Dès lors, être seul signifie être démuni, incapable de
saisir le monde – objets et personnes – activement; cela signifie que le monde
peut m’envahir sans qu’il soit en mon pouvoir de réagir. De plus, elle suscite
un sentiment de honte et de culpabilité: sentiment qui s’exprime dans
l’histoire biblique d’Adam et Ève. Après avoir mangé de « l’arbre de la
connaissance du bien et du mal », après avoir désobéi, après leur naissance
comme êtres humains – ils virent «qu’ils étaient nus – et ils eurent honte ».
Devenus conscients d’eux-mêmes et l’un de l’autre, l’homme et la femme prennent
aussi conscience de leur séparation et de leur différence, dans la mesure où
ils appartiennent à des sexes différents.

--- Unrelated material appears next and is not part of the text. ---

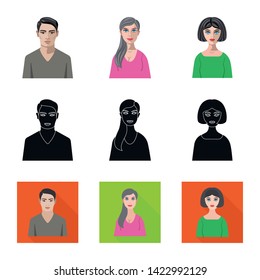 Isolated object of hairstyle and profession  icon. Collection of hairstyle and character  vector icon for stock.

Mais tout en reconnaissant leur séparation, ils
restent étrangers parce qu’ils n’ont pas encore appris à s’aimer l’un l’autre
(ce qui est aussi mis en lumière par le fait qu’Adam se défend en blâmant Ève
plutôt qu’en essayant de la défendre). La conscience de la séparation humaine,
sans réunion par l’amour – est source de honte. Elle est en même temps source
de culpabilité et d’angoisse. Ainsi donc, le besoin le plus profond de l’homme
est de surmonter sa séparation, de fuir la prison de sa solitude. L’homme, – de
tout âge et de toute culture – se trouve confronté à la solution d’un seul et
même problème: comment surmonter la séparation, comment accomplir l’union,
comment transcender sa propre vie individuelle et trouver l’unicité?